Flashlight Vigil #FightForFitz | Fitz Photo

A flashlight vigil was held in remembrance of Fitz Thomas in summer 2020.

Pastor Michelle Thomas and the Hope Floats Foundation have come together to launch The Fitz Scholars Fund in memory of Thomas’s late son, Fitz Thomas, who drowned in Loudoun County earlier this summer.

The Fitz Scholars Fund at Hope Floats aims to raise funds to expand access for children from disadvantaged families to participate in swim lessons and empower children to safely enjoy the water.

“The Fitz Scholars Fund at Hope Floats represents the best of what can happen when we rise to the challenges of our times,” Thomas, who is the president of the local NAACP branch, said in a prepared statement. “I may not be able to bring Fitz back, but I can help save the lives of others.”

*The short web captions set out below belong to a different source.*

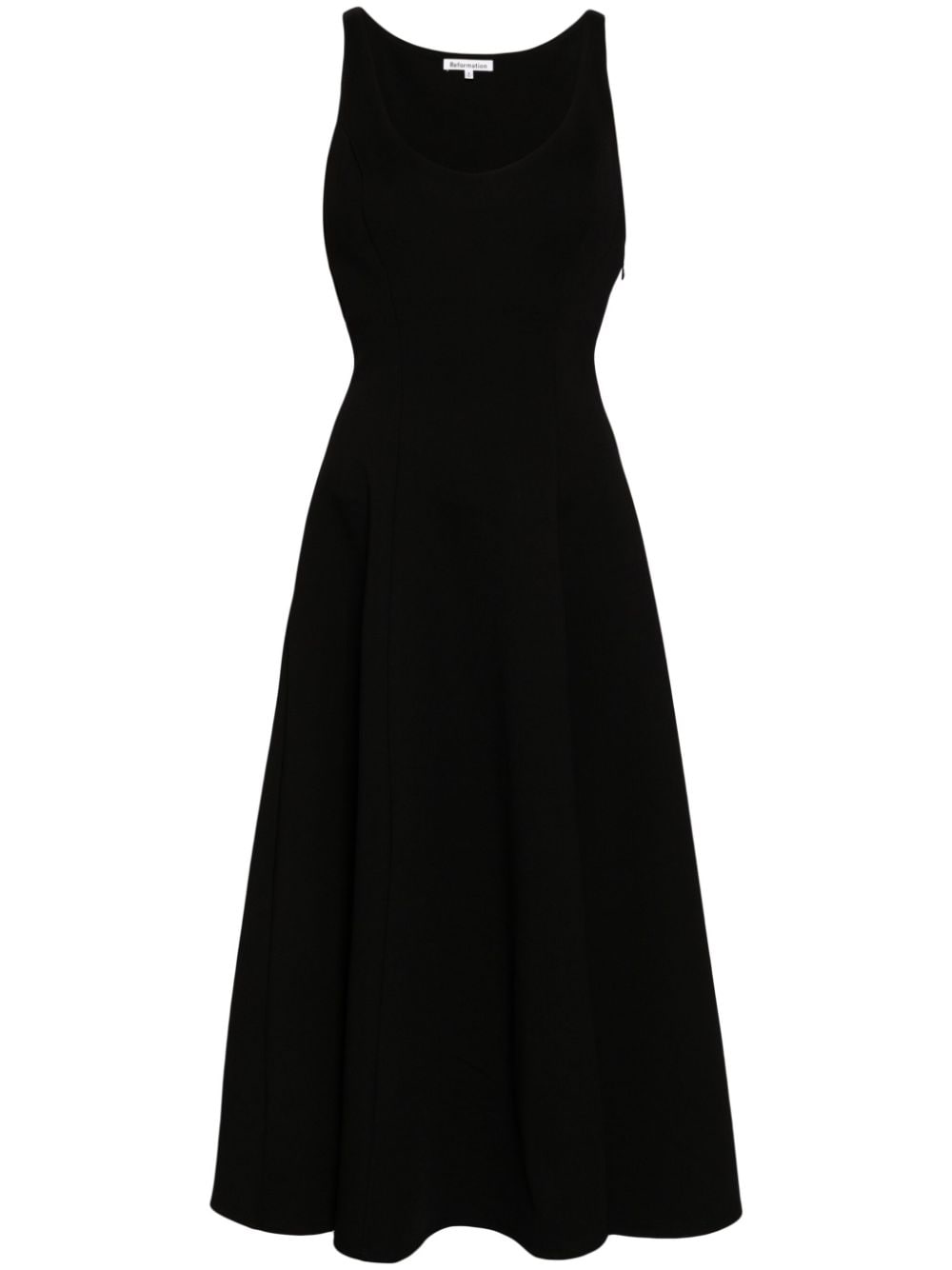 Reformation Mikol A-line midi dress - Black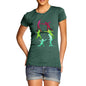 Women's Rainbow Fencing Pattern T-Shirt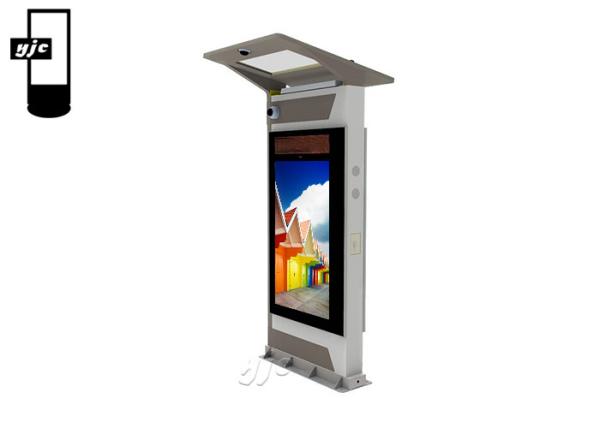 55 Inch Bus Stop Station Shelter IP65 Outdoor Totem Wifi Lcd Advertising Tv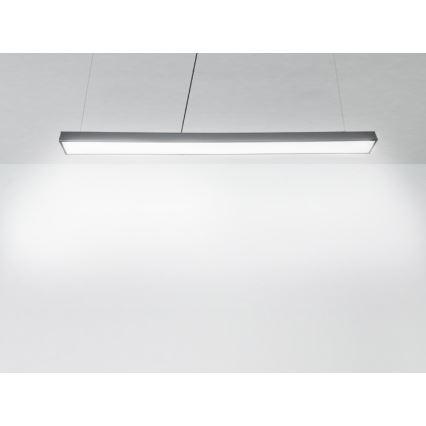 Suspension filaire LED/32W/230V 4000K d. 120 cm noir
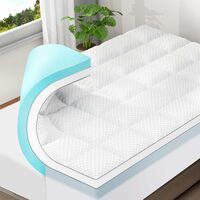 Cooling Pillow Top Gel Memory Foam Mattress Topper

Fitz was 16 years old when he died.

Cindy Tonnesen, chairwoman of the Hope Floats Foundation board and co-owner of SwimKids Swim School in Leesburg, said the fund “will embody Fitz’s values of love and optimism by saving the lives of countless children in his name.”

According to Hope Floats, drowning is the leading cause of accidental death for children under the age of 5 and the second leading cause of death for children under the age of 14. Children from low-income families have a higher risk of drowning, and Black children in the U.S. drown at rates as much as 5.5 times higher than white children.

More information and a link to make a donation can be found at HopeFloats.Foundation/Fitz.

Founded in 2016, the Hope Floats Foundation is a national nonprofit that aims to prevent drownings by providing scholarships for swim lessons. It partners with local communities to offer financial need-based scholarships in more than 190 swim school locations.



(2) comments


Sounds like a worthwhile charity. I would ask however why the LTM must introduce the issue of race into every article. It is sad that a young man drowned, but it could have been any child, white, black, brown, etc. Maybe this country will heal when the 'journalists' of the LTM stop introducing every issue through the lens of 'racism', but then again that wouldn't suit there political agenda.


I have been following this story closely. First, I'm glad that this tragedy has inspired changes in the dispatching of aid to swimmers in locations where more than one

rescue squad might be involved.

Second, I heartily endorse providing swim lessons to children. I had a bad experience with swim lessons at age 10 and didn't learn to swim until 50 years later, which made me vulnerable to drowning for a long time.